Fashion for Little Girls

Obviously, baby fashions have not caught on to the concept of gender equality. Baby girls still wear the pink frills and bows so popular in their mother’s and grandmother’s day. For what is probably a complex collection of reasons, our society wants to see little girls in pink. However, I’ve often suspected that parents buy pink, “feminine” clothing for their little girls because that’s all they can find in the stores. We don’t really have a choice about continuing the “pink is for girls and blue is for boys” mind-set if clothing designers offer no options. Right?Well, not exactly, according to Freddie Curtis, director of the fashion design and fashion merchandising programs at Harcum College in Bryn Mawr Pennsylvania. Curtis knows firsthand what fashions sell for little girls and what don’t because she makes baby blankets and sweaters that are sold in upscale boutiques in large metropolitan areas such as Philadelphia, Washington D.C., New York, Miami, and Houston. Curtis has found that no matter how sophisticated or educated parents may be, they still want to dress their little girls in pink. She says that although she’d like to offer a wider variety of colors, people don’t buy them. In fact, Curtis says that every time she uses a blue floral print or even a soft blue plaid for her little girl’s line, she gets stuck with it because nobody wants to put a baby girl in blue, even if it’s floral or pastel. “Once in a while a store will buy items in gender-neutral colors,” she says, “but very rarely do they sell well.” As infants grow into little girls, parents do have a bit more flexibility in their fashion choices (and in the way they think about gender identity) than parents of little boys. Curtis points out that although parents will never dress their sons in pink, some will put their daughters in blue clothing—usually with a pink flower embroidered on it somewhere.
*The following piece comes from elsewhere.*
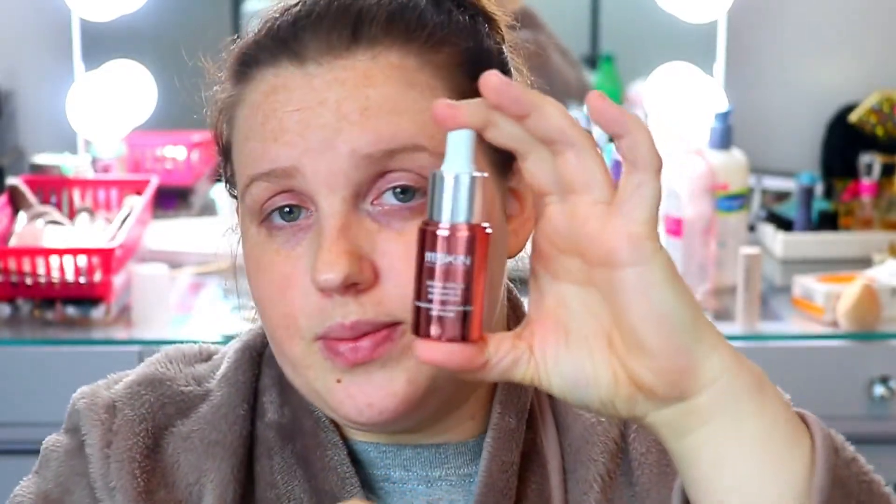I've been liking all of this. It retails for $135 for this little bottle, so I probably won't repurchase it. I've been kind of taking it out of my skincare routine, but I definitely love it — it leaves a really nice glow on my skin.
It’s an interesting cultural phenomenon that we’ve decided somewhere along the line to associate pink only with girls—and we’re not ready to budge from that conviction. So for now, the stores stay fully stocked with pink dresses with lace and bows for little girls. The truth, however, is that your daughter could care less what color or style her clothes are. And wearing or not wearing pink won’t change the way she views herself as a female as she grows up.